2012 Report To Congress Of The U.S.-China Economic And Security Review Commission
Chapter 1: The U.S.-China Trade and Economic Relationship
When Chinese Premier Wen Jiabao announced this year’s annual growth target of 7.5 percent in March, most analysts dismissed it as false modesty: The Chinese economy has consistently outperformed annual targets over the past decade, averaging close to 11 percent growth, despite the 2008–2009 global financial crisis. But with activity cooling much more than expected in recent months, the 7.5 percent target is starting to look ambitious. China’s economy grew 7.4 percent in the third quarter of 2012, the seventh consecutive quarter of decelerating growth, as demand for Chinese goods and services at home and abroad slackened. If this trend continues, full-year growth is on course for its weakest showing since 1999. The government had hoped that increasing exports would help bolster the economy despite flagging domestic demand. Instead, exports are at risk of becoming a drag on the economy after slumping to just 1 percent annual growth in July 2012, from 11.3 percent in June.
Although the U.S. trade deficit in goods with China fell in 2009 as a result of the global recession, it has since surged, reaching a record high of $295.4 billion in 2011, up from $273.1 billion in 2010. For the first eight months of 2012, the United States exported $69.9 billion worth of goods to China and imported $273.1 billion from China, for a deficit of $203.1 billion. The deficit in goods with China is by far the largest among U.S. trading partners and 40.6 percent of the total in 2011. Currency appreciation leveled out in 2012: The renminbi (RMB) did not appreciate as much as in 2011, and there are even signs that the Chinese government may devalue the RMB to boost exports.
Rebalancing China’s economy to one less dependent on exports and more focused on meeting the need of China’s consumers was declared a top priority by the governments of the United States and China. As Under Secretary of the Treasury Lael Brainard stated in July, rebalancing is imperative for China to avoid the ‘‘middle- income trap’’ and to navigate its demographic transition to a society of fewer workers and more retirees. However, under the pressure of declining growth, China is backsliding to continue its overreliance on fixed investment and government spending to power growth.
Despite three decades of economic reform, state-owned and statecontrolled enterprises still account for as much as half of the Chinese economy. Their political influence within China and their ability to compete on a global scale are both on the rise, and China’s industrial policy envisions an ever larger role for the state sector, particularly in support of China’s exports and overseas investments. Government corporations provide the means for the central government to designate and control important segments of the economy. At the same time, the government employs its corporations to advance its foreign policy objectives and international commercial interests. Many, if not all, of the corporate officials chosen by the Chinese Communist Party (CCP) Central Organization Department are party members, and many of them become part of a revolving managerial class that cycles through the hierarchy of China’s largest state-owned enterprises (SOEs). All the 130 leaders of the largest state-owned companies in 2011 were CCP members. In addition, 20 SOE executives served in 2010 on the CCP’s Central Committee, which elects the ruling Politburo.
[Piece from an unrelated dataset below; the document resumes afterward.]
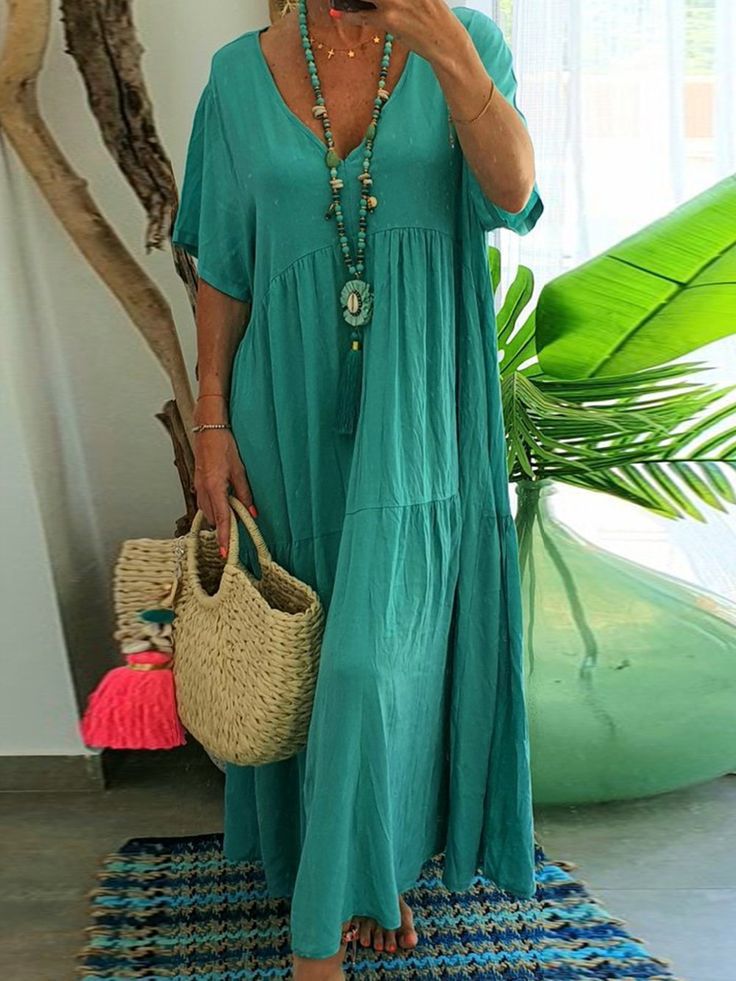 Women's airy boho maxi dress with flouncy hem and deep V-neck Ivyshape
The existence of state-owned and state-controlled enterprises presents numerous challenges to U.S. corporate competitors in three distinct venues: within China, within the United States, and in third-country markets. Because SOEs are the preferred supplier for all levels of government in China, U.S. companies face a variety of discriminatory barriers to sales there. The same subsidies and preferences enjoyed by the state sector in China when competing with foreign companies in China also make Chinese SOEs stronger competitors in the U.S. market and third-country markets.
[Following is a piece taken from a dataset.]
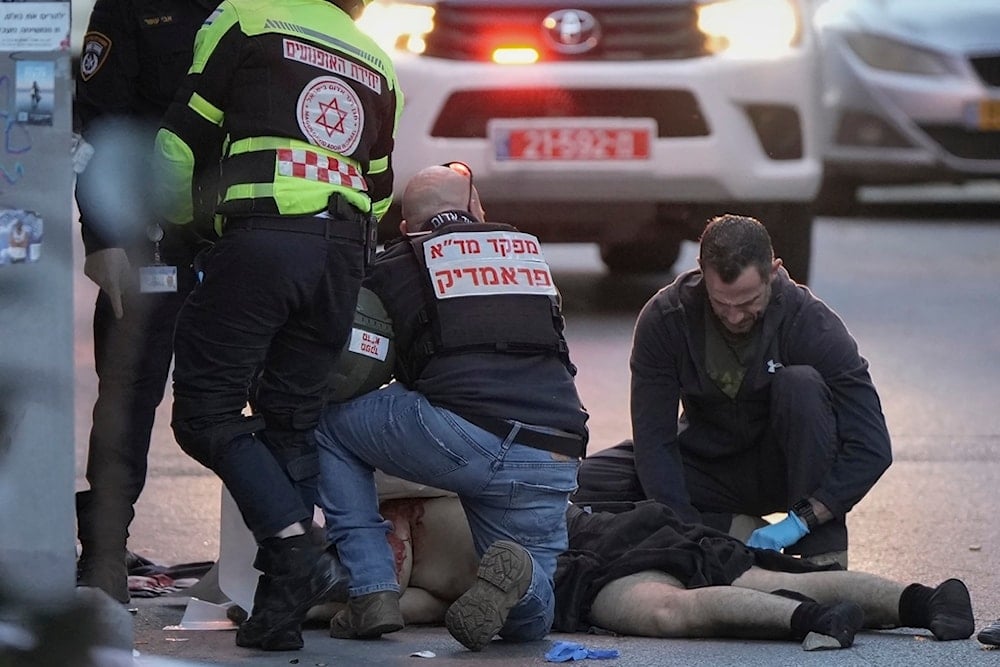 The body of a man who carried out a stabbing operation is examined by Israeli police after he was shot during the incident in Tel Aviv, occupied Palestine, Saturday, Jan. 18, 2025 (AP)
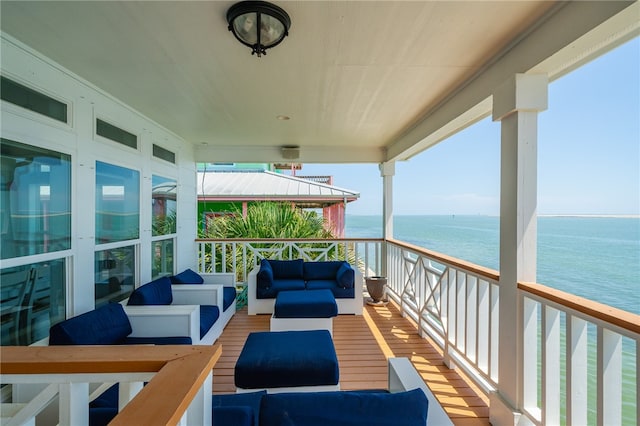 balcony with an outdoor living space and a water view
The influence of the Chinese state over Chinese private companies is also a concern. The Chinese government exerts its authority over the private sector in a number of ways, including subsidies for favored companies and industries, and sanctions for those out of favor. China’s large, state-owned sector; elaborate, top-down economic planning; single-party, authoritarian rule; and a judiciary that follows CCP dictates help the government control the Chinese economy. Private companies, for example, struggle to secure loans from a state-owned banking system that generally prefers lending to state-owned ‘‘national champions.’’
The year 2011 marked the 28th straight year in which the United States has registered a trade deficit with China. China’s state-directed financial system and export-driven growth model; its market barriers to various U.S. exports; its discriminatory policies that favor domestic companies over foreign investors in China’s market; rampant Chinese theft of intellectual property; and China’s unreliable rule of law, as well as its inconsistent adherence to World Trade Organization (WTO) commitments, continue to disadvantage American competitors.
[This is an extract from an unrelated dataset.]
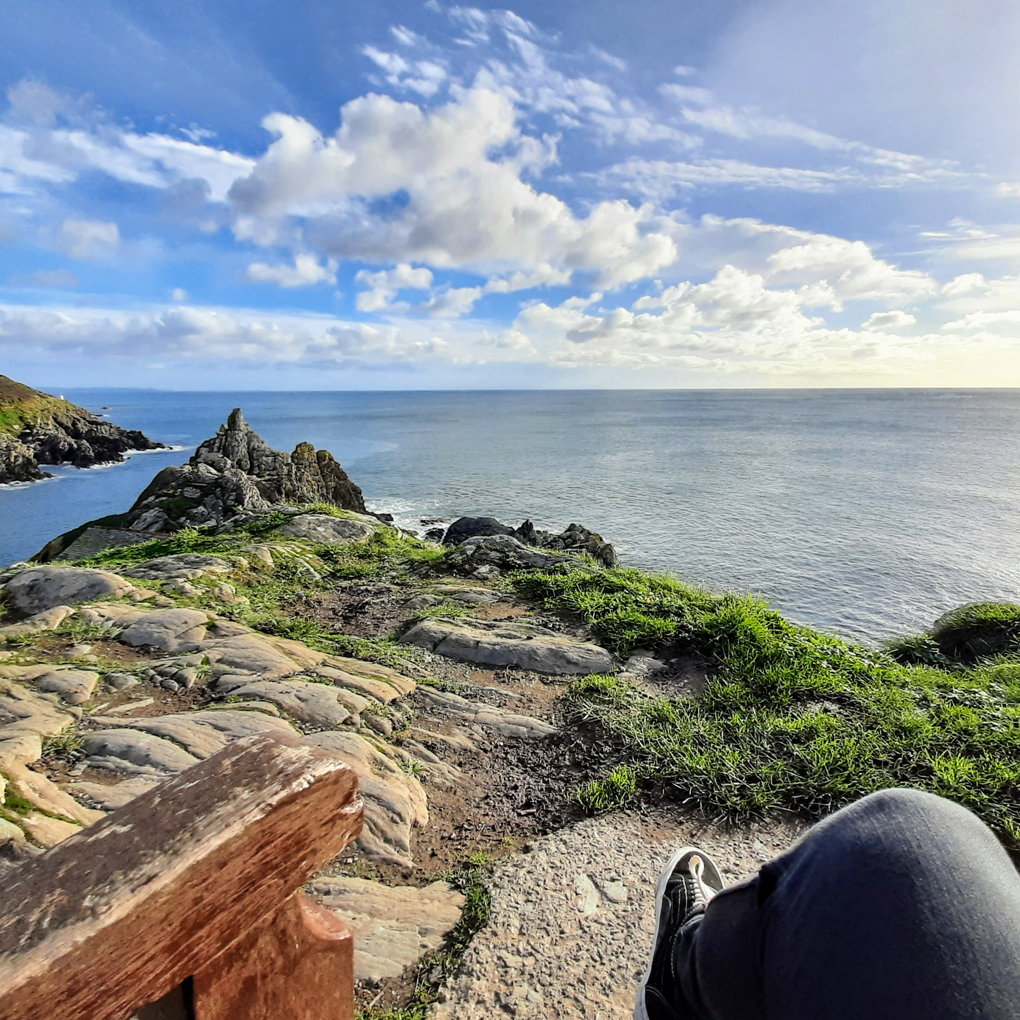 A view from a bench at the top of a dramatic cliff with jagged rocks leading to a bright calm sea and sky.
There is a growing consensus among economists and many international trade experts that long-standing methods of measuring bilateral trade relations are inadequate for the contemporary realities of global production chains and are distorting our understanding of bilateral trade balances. In practice, initial economic studies suggest that the U.S.’s trade deficit with China may be overestimated by the traditional standard measurements for determining bilateral trade balances. These measurements, which calculate the gross values of goods flowing between two countries, may be obscuring key details for devising more effective trade enforcement policies.
Though they are often discussed as distinct and separate issues, the challenges of trade and investment that impact U.S. interests at home and abroad all stem from China’s macroeconomic policies.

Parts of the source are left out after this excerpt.